Bagadry Slave Route
I had always wanted to visit Bagadry and trace the Slave route, but for some reason I never got round to it, this time, i made up my mind and nothing would deter me.I asked the taxi driver to pick me up early on Saturday Morning, I knew that traffic was really bad and didn’t know what to expect. So by 7 am there he was at my gate. We left soon after and the roads were more or less free! Whilst the taxi driver drove, I kept my eye on my Ipad’s Sat Nav, and I was happy to notice that names on streets did tally with the map.

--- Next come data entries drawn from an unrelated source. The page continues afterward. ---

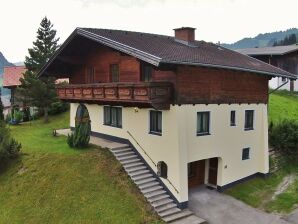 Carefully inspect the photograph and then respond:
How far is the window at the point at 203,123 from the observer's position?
72.4 feet

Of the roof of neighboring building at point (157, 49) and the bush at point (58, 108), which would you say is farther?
the bush at point (58, 108)

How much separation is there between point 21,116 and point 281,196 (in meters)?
27.4

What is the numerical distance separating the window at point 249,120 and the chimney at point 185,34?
677 centimetres

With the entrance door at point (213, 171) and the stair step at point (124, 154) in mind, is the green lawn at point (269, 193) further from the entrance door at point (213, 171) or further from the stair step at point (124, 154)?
the stair step at point (124, 154)

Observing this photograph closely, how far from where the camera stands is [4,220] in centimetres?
1936

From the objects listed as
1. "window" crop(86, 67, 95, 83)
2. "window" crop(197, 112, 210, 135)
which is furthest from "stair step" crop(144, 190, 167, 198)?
"window" crop(86, 67, 95, 83)

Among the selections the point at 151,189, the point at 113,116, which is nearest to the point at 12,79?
the point at 113,116

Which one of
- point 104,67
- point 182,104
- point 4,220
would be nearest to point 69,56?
point 104,67

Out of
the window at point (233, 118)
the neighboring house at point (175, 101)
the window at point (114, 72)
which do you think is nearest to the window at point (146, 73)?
the neighboring house at point (175, 101)

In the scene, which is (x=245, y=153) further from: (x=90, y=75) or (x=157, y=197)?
(x=90, y=75)

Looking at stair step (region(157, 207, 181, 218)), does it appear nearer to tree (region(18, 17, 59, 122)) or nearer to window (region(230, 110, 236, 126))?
window (region(230, 110, 236, 126))

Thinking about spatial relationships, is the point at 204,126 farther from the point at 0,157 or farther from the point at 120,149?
the point at 0,157

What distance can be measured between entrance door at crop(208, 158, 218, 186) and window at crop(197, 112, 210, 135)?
309cm

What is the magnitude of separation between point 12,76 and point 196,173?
3384 cm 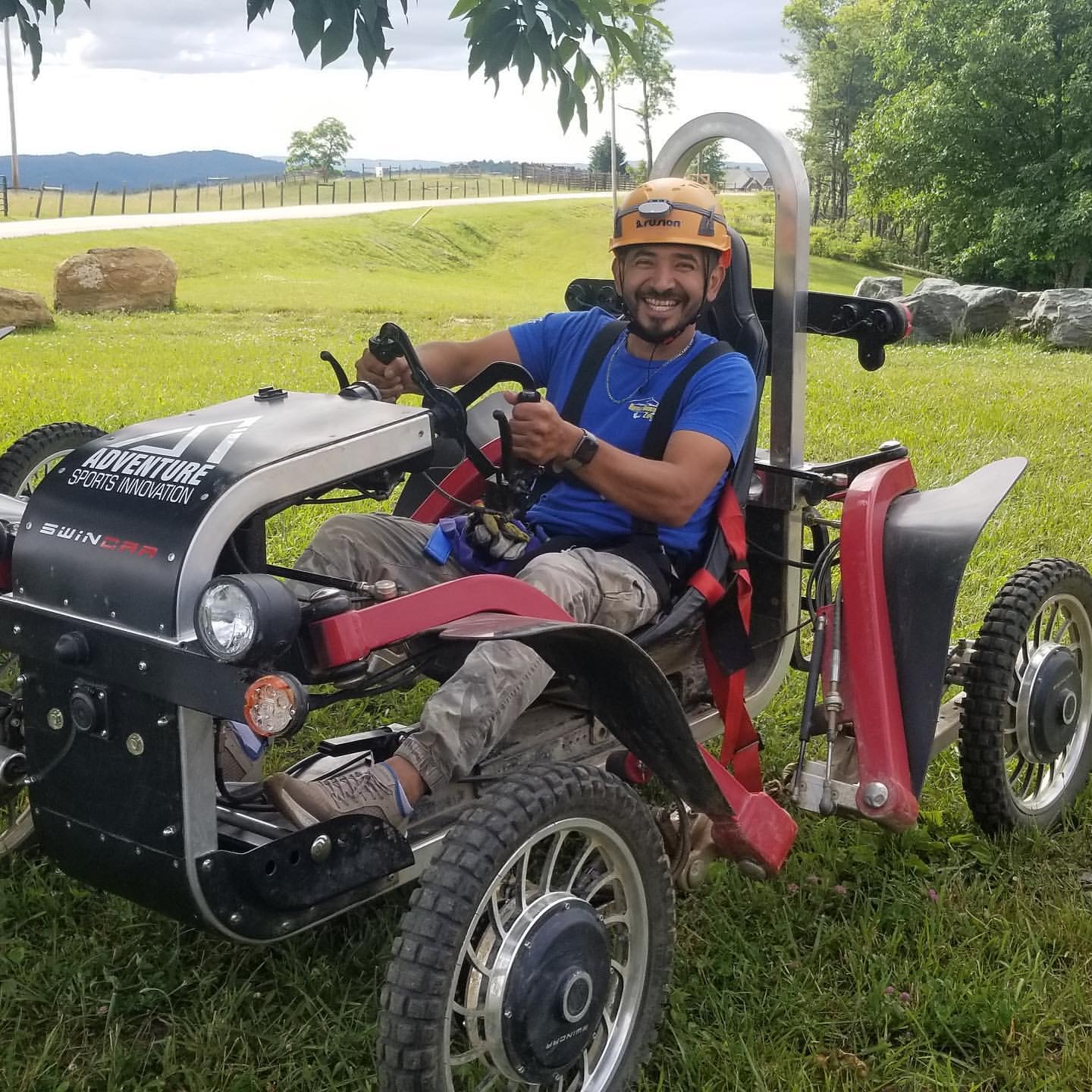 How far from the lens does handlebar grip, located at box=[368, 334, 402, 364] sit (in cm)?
308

We arrived after a couple of hours and made our way to the main Museum, after stopping to ask for directions, It was unnervingly quiet, but it could not dampen my mood of feeling like the intrepid explorer all on my own, as Selina had chickened out for some reason!
We eventually arrived at the museum, and of course, it was all locked up. I thought this might happen, but as I had no numbers to call, I couldn’t find out if the museum would be open on a Saturday morning. Hence the need for this website!
The woman selling biscuits and meat pies said she would call the man who worked there to come open up for me. So we waited and waited until eventually he did show up.He opened up for us and I could see him having a quick sweep and dust around for us. When he was ready he called me and I called in my taxi driver in, to follow me on this enlightening journey, for I was pretty sure, he had never studied the Slave trade and, and he probably would not know much about it.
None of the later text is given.